Along with Sabbath, Haze also attracts the attention of Enoch Emery, a young man new to the big city who claims to possess “wise blood,” a gift from God which he thinks directs him toward his destiny. Enoch has been rejected by everyone he has encountered, and tries to attach himself to Haze. Haze originally shows interest in Enoch, but only because Enoch claims to know the Hawkses. Enoch, however, feels that his blood is drawing him to Haze and his new jesus; in fact, he steals a mummy from a natural history museum and delivers it to Haze (via Sabbath) in order to be Haze’s new jesus. While Sabbath is shown with the mummy in an image of a grotesque pieta, Haze refuses the mummy and destroys it. Enoch’s one positive encounter with another ends up being with a man in a gorilla suit promoting a movie. This leads him to attack the man in the suit, steal the costume, and run away into the woods in the costume, happier than he has ever been.
Haze continues his evangelism of his Christless church and his own self-immolation from the hood of his Essex automobile, a key element of his ministry. As he says in his preaching, "Where you come from is gone, where you thought you were going to never was there, and where you are is no good unless you can get away from it. Where is there a place for you to be? No place” (93). However, he encounters competition from another would-be evangelical charlatan in the form of Onnie Jay Holy (real name Hoover Shoats); after he refuses Shoats’s offer to team up, Shoats recruits his own “prophet” who bears a striking resemblance to Haze. Haze chases down this prophet and runs him over with his car, killing him. Shortly after this, he is caught driving without a license by a police officer who pushes his car off of an embankment.
After losing his car, Haze succeeds in blinding himself with lime. His landlady, Mrs. Flood, takes advantage of his weakness to siphon off as much of his pension money as she can while he is such a vulnerable state. However, she does eventually push him too far, demanding that he marry her, and he leaves, only to be found near death in a ditch by police. They return him to Mrs. Flood and he dies.
While I do adore this novel, it seems like it can’t decide whether it wants to be a short story or a novel. It might have worked better as a collection of stories, some sort of Go Down, Moses, or Winesberg, Ohio, collection. O'Connor truly is a master of the short story form, which is apparent in this novel. As it is, the stories of Haze, Enoch, and the Hawkses don’t quite align in a satisfactory manner. Although, the asymmetry of their stories and the lack of a satisfactory closure may be part of the point.

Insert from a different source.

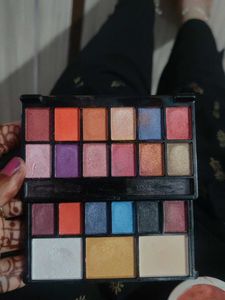 Mars Makeup Kit &amp; Blush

Despite this, however, it is a fascinating meditation and exploration of the meaning of faith and sin and “justification.” Reading it this time, I was struck by how important gender is in the novel and its understanding of faith. As I was paying extra attention to the symbolism of the car in this reading (I’m writing a paper about the novel in conjunction with the industrial song “Jesus Built My Hotrod” by the industrial band Ministry, which samples dialogue from the movie version of the novel), it struck me as a very gendered symbol in the novel. I think that at least part of Haze’s pursuit of a Church of Christ Without Christ is a pursuit of a masculine faith: as Haze puts it, “‘I believe in a new kind of jesus,’ he said, ‘one that can’t waste his blood redeeming people with it, because he’s all man and ain’t got any God in him. My church is the Church Without Christ” (69). Haze says this as he’s rejecting Sabbath’s offer of Christian salvation; I read this rejection as specifically rejecting a nurturing, feminine Christianity represented by Sabbath (and, in fact, all of the women in the novel). As it is Hawks whom Haze seeks approval from, and it is his own father’s example of sexual pursuit of women (which his mother characterizes as sin in need of purification through self-immolation), I think one key to this novel is the bifurcation of faith into masculine and feminine arenas.